Violations intensifying

Investigate PH said that despite the lockdown implemented due to the pandemic, cases of human rights violations continued to increase, particularly after the release of the OHCHR report in June 2020.

Aside from the killings of peace consultants, they also made mention of the Tumandok Massacre and the Bloody Sunday raids. They noted that there is a 50 to 76 percent increase in drug related killings per month and that in the killing of activists, the nanlaban (fought back) narrative is used to justify the dastardly act.

The Investigate PH panel during the online press conferece.

The report also mentioned how policies, like Memorandum Order No. 32 and Executive Order No. 70 which established the National Task Force to End Local Communist Armed Conflict (NTF-ELCAC), are used in order to utilize “local and national institutions to wage attacks against human rights defenders, people’s organizations and civil society through mass arrests and detention on trumped-up charges, red-tagging, and state-perpetrated killings.”

Read: #UndoingDuterte | 25 massacres recorded

And with the passage of the Anti-Terrorism Act of 2020, the group observed that the abuses have worsened as this particular law “has become a main instrument in the counterinsurgency program and is used to vilify activists and their organizations and to criminalize dissent.”
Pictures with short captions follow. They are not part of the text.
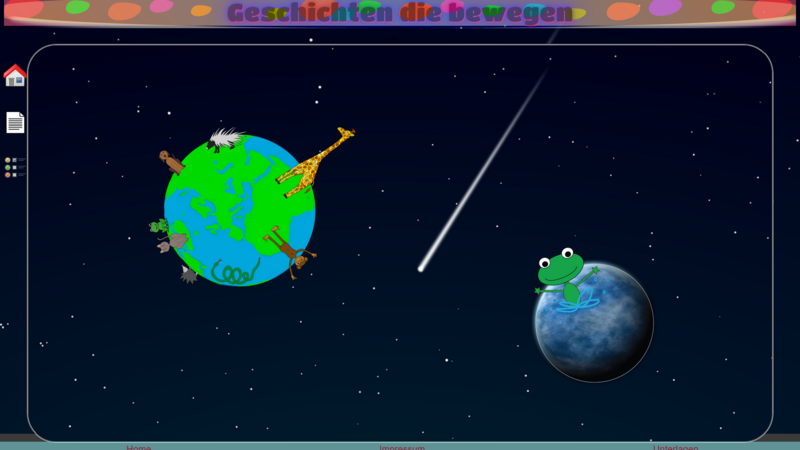 Ein Ausschnitt des Spiels mit zwei Planeten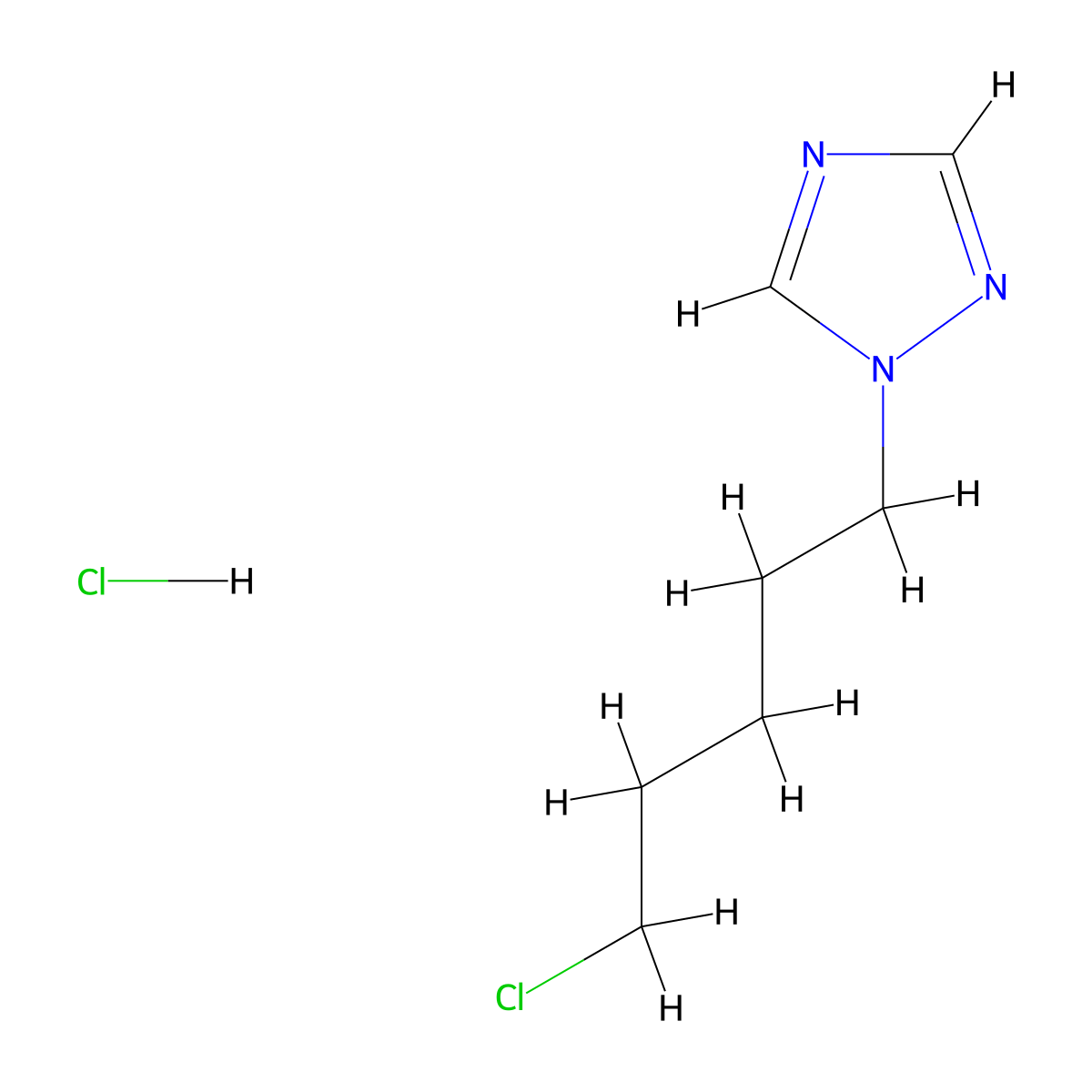 1-(5-chloropentyl)-1H-1,2,4-triazole hydrochloride molecular structure, CAS 1258650-18-8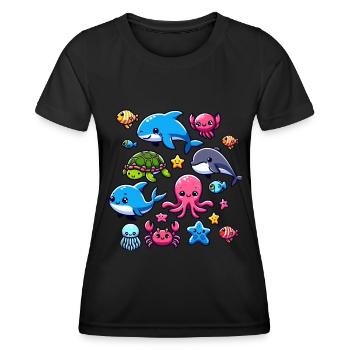 Colorful sea creatures for kids Sea creatures - Women's Functional T-Shirt - black - Front - AI Model Female 172 light (172cm)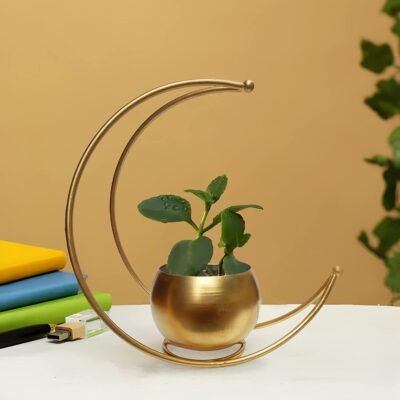 Gold Metal Hanging Planter For Home Decor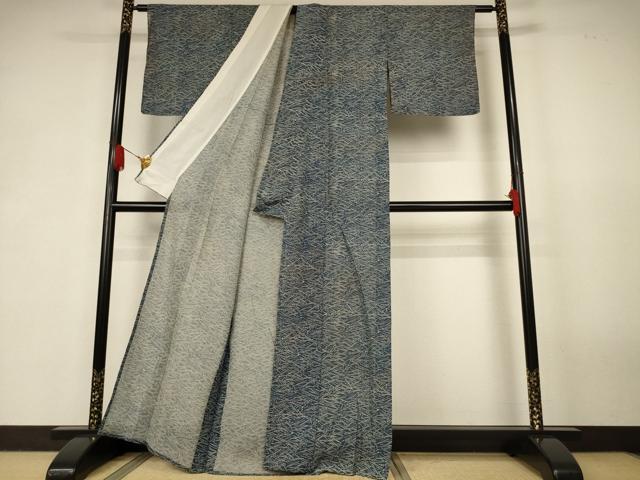 平和屋着物＊夏物　紗紬　藍　型染め　雀　正絹　逸品　AABK2674jd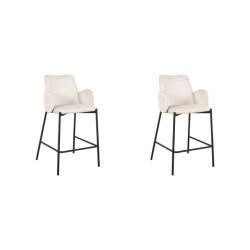 Label51 Barkruk joni crème fluweel zithoogte 65 cm set van 2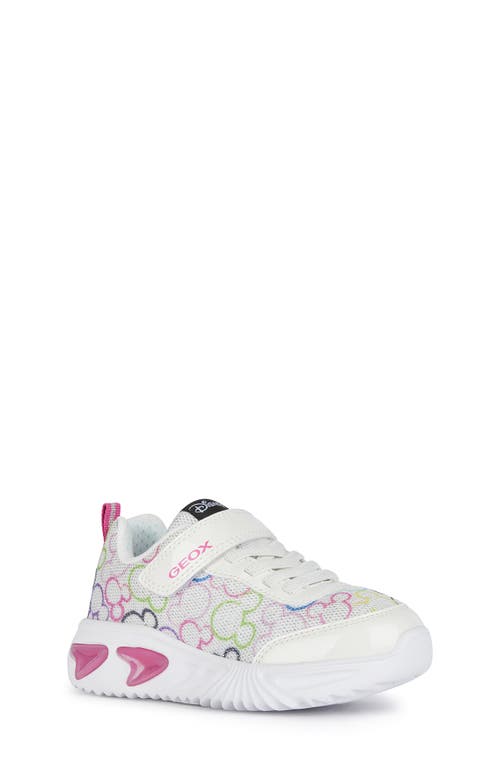 Shop Geox X Disney Kids' Assister Light-up Sneaker In White/multicolor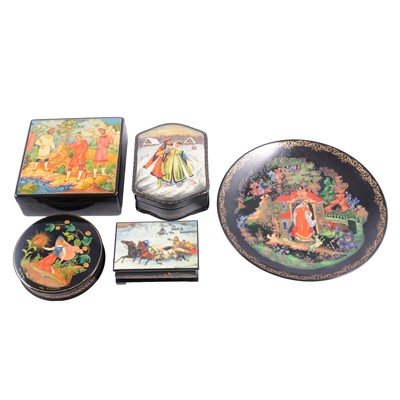 Lot 168 - Four Russian black lacquer Fedoskino boxes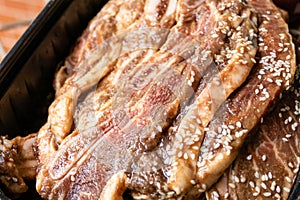 Bowl of raw beef rib steaks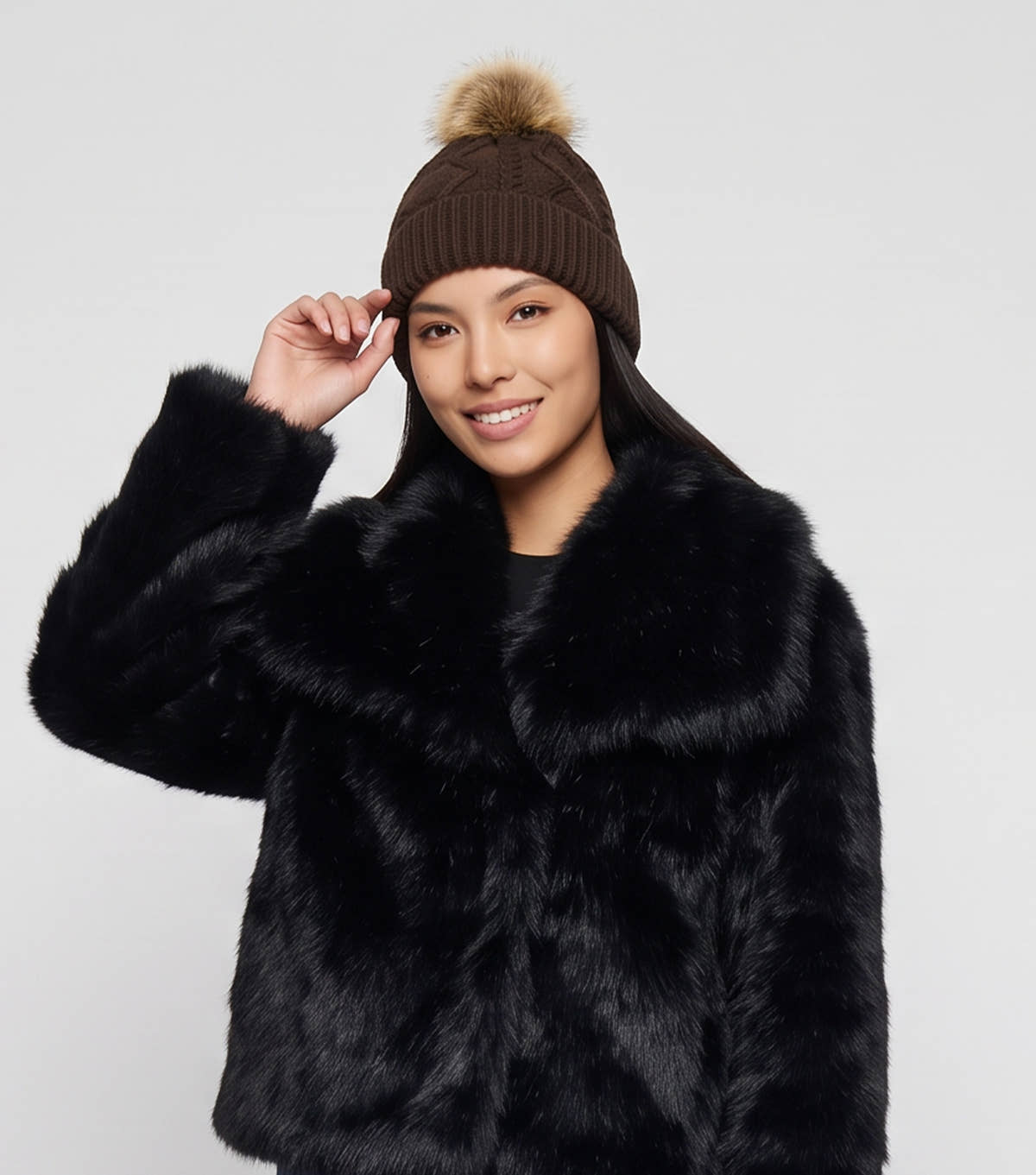Brown Ladies Cable Knit Pom Beanie Hat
“These mechanisms have expanded the powers of security forces, nationalized the counterinsurgency program, broadened invasive scrutiny across all sectors of society, and institutionalized the label of ‘terrorist’ as a catch-all to criminalize any political opposition,” the report read.

Help the victims, hold Duterte accountable

The group stressed that the domestic mechanism in the Philippines have immensely failed to give justice to the victims. This is why the group is pressing the UN to investigate the human rights situation in the Philippines.

Last year, after High Commissioner Michelle Bachelet released her report, the United Nations Human Rights Council launched an investigation, however the response to its investigation only recommended that for it to only extend technical cooperation and capacity building to the government. The resolution was approved in October last year during its 45th regular session.

Victims, families and human rights group saw this to be insufficient in exacting accountability from the government.

Read: UNHRC adopts reso sparing PH from international probe into rights abuses

Australian Greens Senator Janet Rice said that the fact that these three reports of Investigate PH have been put together over the last year “is going to increase the pressure on the UN to actually seriously realize that they they got to do more.”

“The evidence that were complied in this report really showed things haven’t improved and got worse. And so clearly campaigns and actions in all of the countries influencing UN to take more action is of critical importance,” Senator Rice said during the press conference.

She said that these reports are a model for other communities to document human rights abuses as part of prompting action both in the country and globally.

The Rev. Dr. Chris Ferguson of the World Communion of Reformed Churches meanwhile stressed that “international pressure is using all the mechanisms at our disposal. I think that the question is is to not be passive, we are not just going to observe or launching our report by words.”

“It is incumbent on state actors, non-government actors, church group and every body to ensure impact that those international instruments that still exists like International Criminal Court do their job. And we are in a time where people defending their human rights is being corroded by the international community so I think the impact will be clear in calling the whole of the international community (to release) government and non-government manifestations to actually hold this government into account,” he added.

Ferguson again called on the High Commissioner and the UNHRC to mobilize international mechanisms to help victims and hold Duterte and other state perpetrators accountable.